Publications & Products
Volume 5, Issue 7

Adapt Presentations to Listeners

The best presentations are tailored to the audience, write communications experts.

The Harvard Business Review staff recently shared an excerpt from the book Presentations. The staff write that leaders should ask several questions to better understand their audience and learn how to cater their message to its needs. Some include:

  • How big will the group be? Who will be absent? "Are you expecting 5, 15 or 50 people?" the authors ask. "The size of the audience affects the type of presentation you'll give and the resources you'll need. Keep track of which people can't attend. Absent stakeholders are stakeholders nonetheless; you'll want to follow up with them afterward."
  • What roles do your audience members perform in your organization? To whom are they accountable? "Having a basic understanding of their responsibilities will help you engage them," they write. "Consider why your message matters to them and how you can make their lives easier. You'll highlight those things when you present."
  • What does the audience already know? What do people need to know? "Don't state the obvious, but give people enough background information to understand what you're saying and how it affects them," the authors write.
  • What are people likely to assume? Which of those assumptions are correct and which are incorrect? "Anticipating your audience's assumptions helps you make better choices about how to present your content," they write. "If there's a misperception you need to correct, this might be the time to do it—gently.

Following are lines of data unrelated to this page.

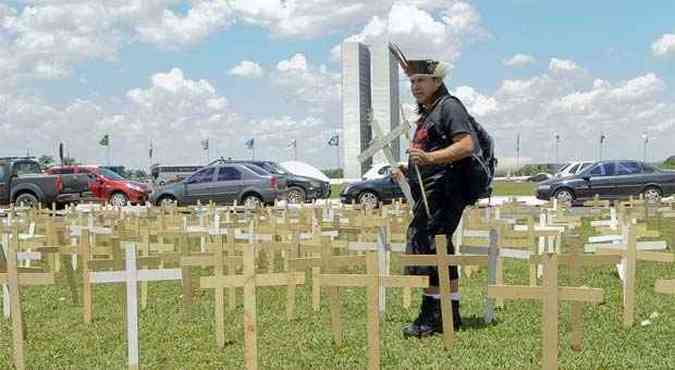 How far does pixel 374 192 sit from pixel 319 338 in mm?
17175

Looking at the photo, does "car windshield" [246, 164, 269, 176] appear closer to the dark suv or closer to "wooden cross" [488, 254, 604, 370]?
the dark suv

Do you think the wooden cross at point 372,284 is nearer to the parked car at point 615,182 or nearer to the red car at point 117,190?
the parked car at point 615,182

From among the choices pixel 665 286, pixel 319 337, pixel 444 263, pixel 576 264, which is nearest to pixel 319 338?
pixel 319 337

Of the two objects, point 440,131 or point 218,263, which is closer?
point 440,131

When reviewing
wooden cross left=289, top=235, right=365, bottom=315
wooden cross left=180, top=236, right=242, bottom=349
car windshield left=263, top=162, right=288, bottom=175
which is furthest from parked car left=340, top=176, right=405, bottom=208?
wooden cross left=180, top=236, right=242, bottom=349

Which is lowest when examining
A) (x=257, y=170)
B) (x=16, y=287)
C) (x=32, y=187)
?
(x=16, y=287)

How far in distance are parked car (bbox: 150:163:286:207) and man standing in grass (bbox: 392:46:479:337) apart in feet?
49.0

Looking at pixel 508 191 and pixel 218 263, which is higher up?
pixel 508 191

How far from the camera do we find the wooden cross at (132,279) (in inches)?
174

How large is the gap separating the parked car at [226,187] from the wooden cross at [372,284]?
1585 centimetres

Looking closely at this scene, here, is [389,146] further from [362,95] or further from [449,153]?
[362,95]

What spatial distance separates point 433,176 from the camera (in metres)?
5.39

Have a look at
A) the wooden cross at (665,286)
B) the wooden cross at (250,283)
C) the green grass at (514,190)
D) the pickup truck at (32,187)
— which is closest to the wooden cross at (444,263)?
the wooden cross at (250,283)

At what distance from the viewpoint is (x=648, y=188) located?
2238 cm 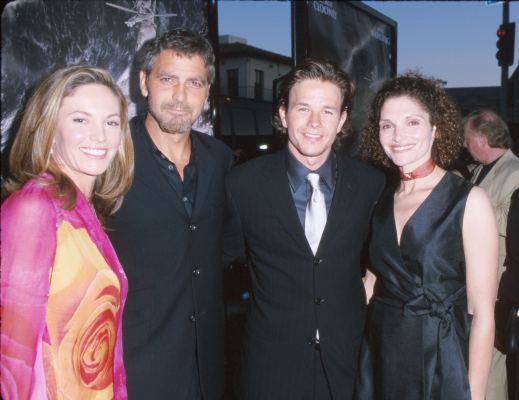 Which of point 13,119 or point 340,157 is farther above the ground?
point 13,119

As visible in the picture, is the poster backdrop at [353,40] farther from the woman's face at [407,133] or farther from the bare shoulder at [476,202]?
the bare shoulder at [476,202]

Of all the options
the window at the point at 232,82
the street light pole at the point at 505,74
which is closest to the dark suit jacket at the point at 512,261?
the street light pole at the point at 505,74

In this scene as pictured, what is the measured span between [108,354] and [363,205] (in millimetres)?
1357

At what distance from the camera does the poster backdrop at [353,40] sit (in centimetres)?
383

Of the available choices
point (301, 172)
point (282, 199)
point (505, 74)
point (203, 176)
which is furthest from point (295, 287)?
point (505, 74)

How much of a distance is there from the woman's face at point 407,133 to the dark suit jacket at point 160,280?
3.15 feet

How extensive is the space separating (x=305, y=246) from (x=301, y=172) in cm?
42

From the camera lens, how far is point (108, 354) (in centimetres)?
163

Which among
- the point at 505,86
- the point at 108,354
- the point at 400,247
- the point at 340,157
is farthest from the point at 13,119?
the point at 505,86

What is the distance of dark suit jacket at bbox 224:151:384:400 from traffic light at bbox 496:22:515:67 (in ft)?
30.2

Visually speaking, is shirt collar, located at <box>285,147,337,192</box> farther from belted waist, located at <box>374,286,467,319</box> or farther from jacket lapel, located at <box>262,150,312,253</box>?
belted waist, located at <box>374,286,467,319</box>

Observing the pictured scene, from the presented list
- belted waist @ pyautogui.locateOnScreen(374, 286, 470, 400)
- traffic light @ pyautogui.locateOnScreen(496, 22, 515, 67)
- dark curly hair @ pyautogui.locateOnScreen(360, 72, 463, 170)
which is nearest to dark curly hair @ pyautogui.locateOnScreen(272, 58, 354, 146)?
dark curly hair @ pyautogui.locateOnScreen(360, 72, 463, 170)

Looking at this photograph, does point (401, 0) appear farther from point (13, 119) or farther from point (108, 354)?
point (108, 354)

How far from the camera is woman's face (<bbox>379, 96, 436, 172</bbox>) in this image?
2100 mm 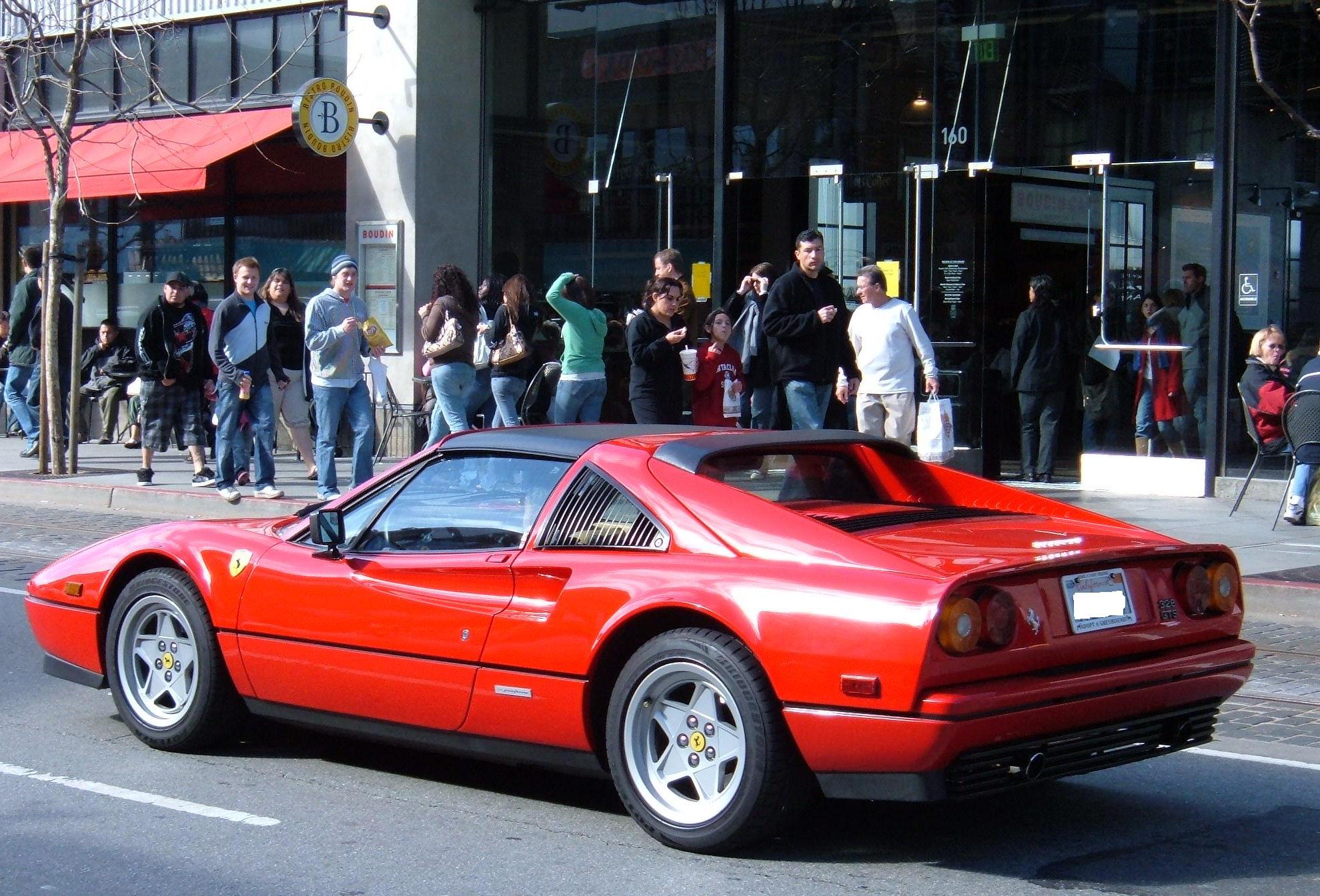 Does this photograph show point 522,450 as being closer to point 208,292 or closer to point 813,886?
point 813,886

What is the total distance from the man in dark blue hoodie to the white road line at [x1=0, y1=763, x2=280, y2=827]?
771 centimetres

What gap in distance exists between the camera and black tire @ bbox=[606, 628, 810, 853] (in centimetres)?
472

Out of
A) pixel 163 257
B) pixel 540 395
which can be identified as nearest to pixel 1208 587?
pixel 540 395

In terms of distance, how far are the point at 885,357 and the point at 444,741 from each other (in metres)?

For example, if your audience believes that the new system you're proposing will take too much time and effort to learn, clearly explain how you'll help ease the transition with training sessions and extra technical support."
  • How well does the audience know you? "If you don't already have strong relationships with the people in the room, you'll need to establish a rapport with them early on," the authors write. "For instance, you might open with an amusing anecdote about your own struggles with the old system you'd like to replace. Show that you share the group's frustrations with the way things are."

This article is from the Advancement Weekly, Aug. 17, 2015 issue.